Réunion du mercredi 7 mars 2018 à 16h30
Commission du développement durable et de l'aménagement du territoire

Chantal Jouanno :

Monsieur Zulesi, vous m'avez interrogée sur l'importance de la mise en oeuvre des ordonnances et sur l'évaluation de leur impact, comme, plus généralement, sur le fonctionnement de la CNDP et du débat public.

Beaucoup de débats ont déjà eu lieu, que ce soit sur la ligne Paris-Normandie, sur l'aéroport de Notre-Dame-des-Landes ou sur les nanotechnologies, ce dernier ayant dû être interrompu. Au sujet de ces débats compliqués, un retour d'expérience plus systématique serait intéressant, de façon qu'on puisse en tirer les enseignements en voyant ce qui a fonctionné et ce qui n'a pas fonctionné. Ces enseignements pourraient alors être réutilisés pour d'autres débats. C'est déjà fait, mais il serait bon de le faire de manière encore plus systématique et structurée.

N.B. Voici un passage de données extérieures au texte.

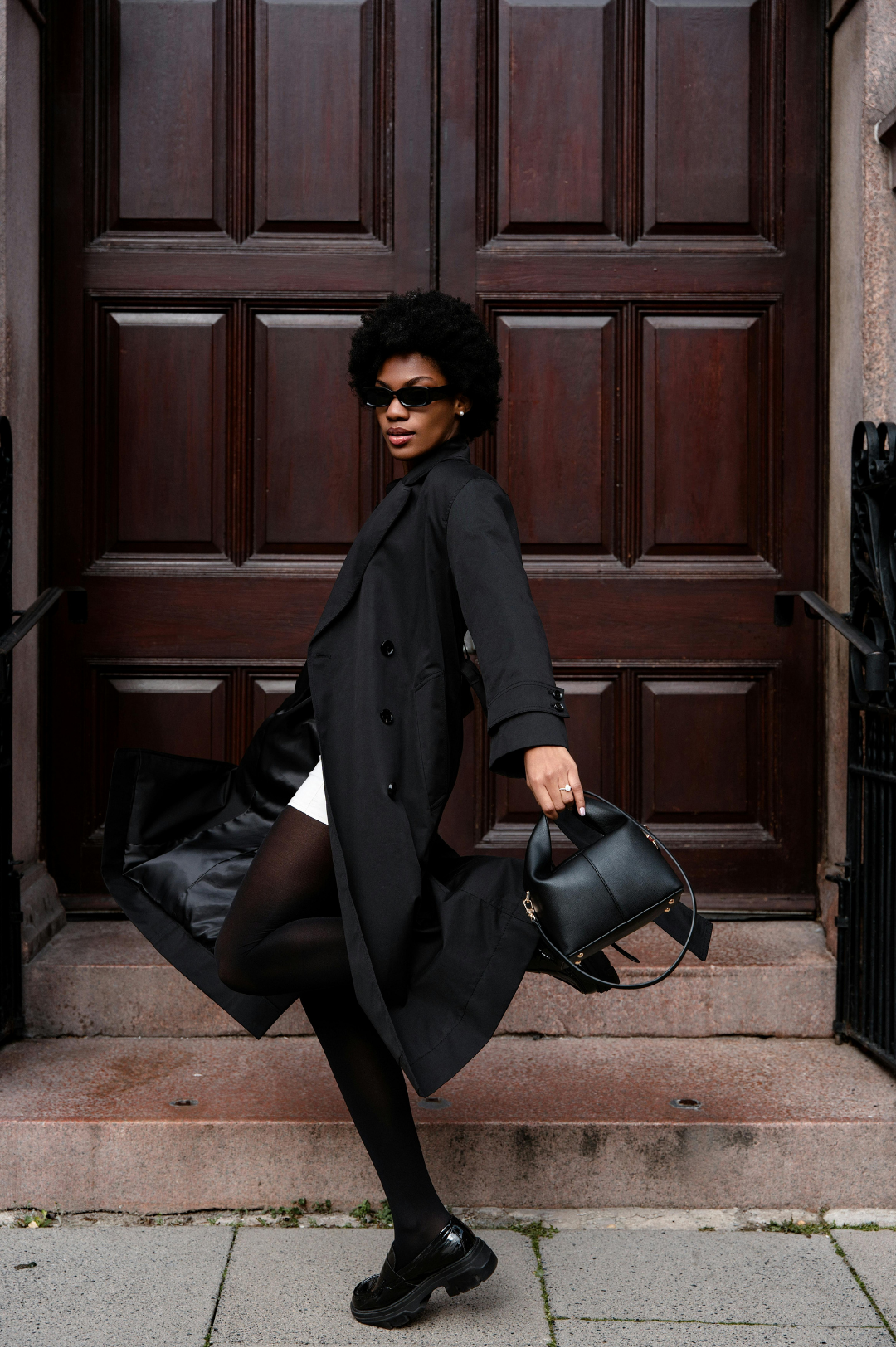 Woman in a black trench coat walking past dark wooden doors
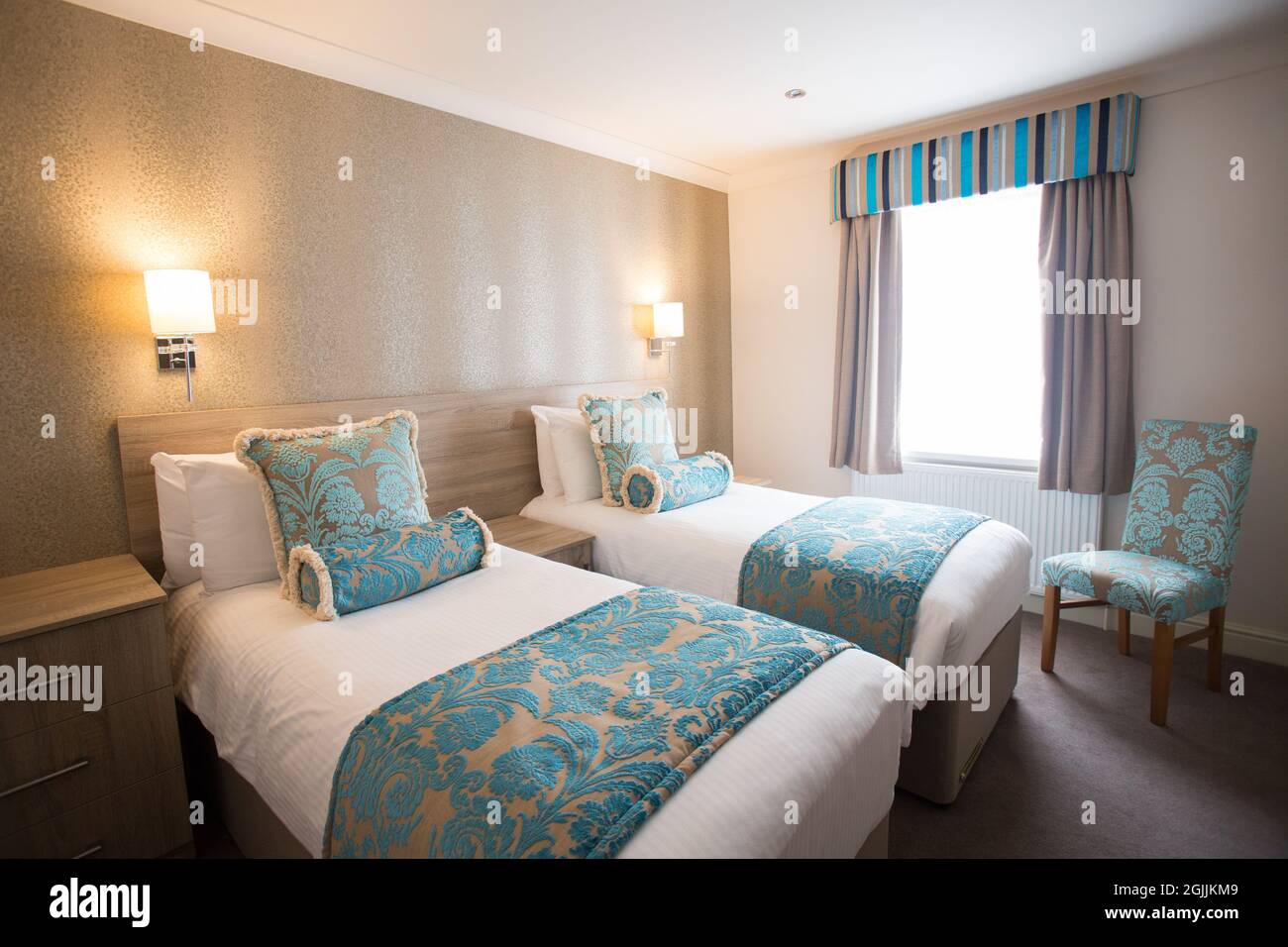 Chambre d'hôtel simple avec deux lits simples, coussins turquoise et chaise  Photo Stock - Alamy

S'agissant des ordonnances, il faudra de toute façon en faire l'évaluation dans les deux ans au plus tard, dans la mesure où elles auront un impact assez important sur le fonctionnement de la CNDP, que ce soit en termes de moyens ou de procédure : la conciliation reste encore à construire, notamment. L'évaluation devra être conduite avec les porteurs de projets et avec les élus. Il n'est pas normal, en effet, que l'utilité de la CNDP soit parfois mise en cause ou que son existence ne soit tout simplement pas connue de la population. Aussi est-il important que nous menions une évaluation pluripartite. Sa composition pluripartite fait précisément l'une des forces de la CNDP ; la représentation des différents intérêts permet d'en garantir l'indépendance.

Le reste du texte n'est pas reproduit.